First Trust's Cloud Computing UCITS ETF was the winner of the Best Specialist Technology ETF category at the Investment Week Specialist Investment Awards 2020.
The judges said the ETF provides good exposure to an exciting subset of technology, noting providing workers with the ability to work from home has become a strong support for the cloud computing thematic.
Here we speak to First Trust about the reasons behind the ETF launch, why cloud computing represents the next chapter in the innovation of the digital age and how the vehicle sits within the group's wider range.
Why did you launch the First Trust Cloud Computing UCITS ETF and what are you trying to offer investors? How could the ETF fit in their portfolios?
First Trust have always been pioneers of thematic investing, offering investors access to some of the biggest global megatrends since 2006.
The cloud computing theme has been available via our US domiciled fund since 2011 so, for us, it was a natural move to offer our European investors a UCITS vehicle providing cost-effective exposure to a technology which is impacting our everyday lives.
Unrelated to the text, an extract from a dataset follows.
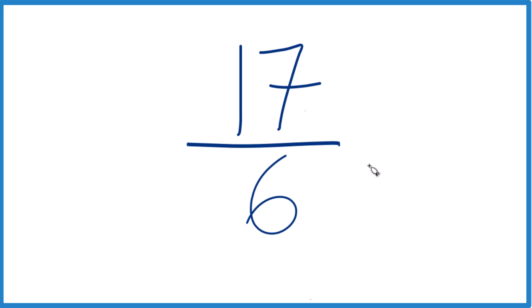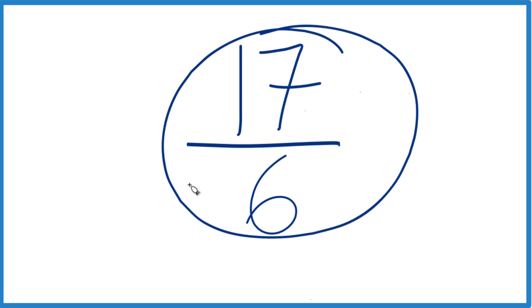The thing is, there's only one number that goes into both 17 and 6, and that is 1. If we divide 17 by 1, we get 17. Divide 6 by 1, we get 6. So it's where we started. We really can't simplify or reduce 17/6 any further. It's in lowest terms.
Thematic investing essentially allows investors to focus on the structural forces or themes that will play out over the longer-term, shaping and revising competitive landscapes, but importantly to look past short-term market noise and uncertainties.
Our Cloud Computing ETF provides a forward-looking, longer-term approach to unlocking the power of the cloud. For investors' portfolios, this ETF could act as a useful diversifier, a core technology or a large-cap US growth allocation or perhaps more broadly as pure play access to the cloud computing phenomenon.
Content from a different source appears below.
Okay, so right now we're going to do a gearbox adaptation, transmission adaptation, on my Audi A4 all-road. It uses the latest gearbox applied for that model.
What do you see as the potential of this theme as an investment opportunity for investors?
Continuing demand for remote access to data and online services has put cloud computing at the forefront of internet-based innovation. It represents the next chapter in the innovation of the digital age, capable of unlocking access to both future and emerging technologies.
The evolution of our reliance on the internet and the growing power of cloud computing has seen some of the world's biggest companies continuing to invest in this space, effectively making it comparable to a utility.
The global pandemic, various lockdown measures and the majority of organisations that have been forced to work from home have simply accelerated a shift in this theme that was already happening.
The cloud is tapping into massive swathes of our economy and society, affecting how we use financial services and many of the fundamentals of everyday life.
From watching a TV show on Netflix to scanning a QR code at your local, using the cloud has become effortless.
The screen you look at is no longer dependent on the computer it is attached to, it is only constrained by the speed of your internet connection in terms of computing power and the memory storage it can access.
However, the future of the cloud is not just confined to computers, but in connecting industries spanning healthcare, driverless cars, artificial intelligence/virtual reality, smart homes and many more.
The emergence of cloud computing has been one of the most successful investment themes over the past decade, with Gartner forecasting $1trn in revenues by 2025.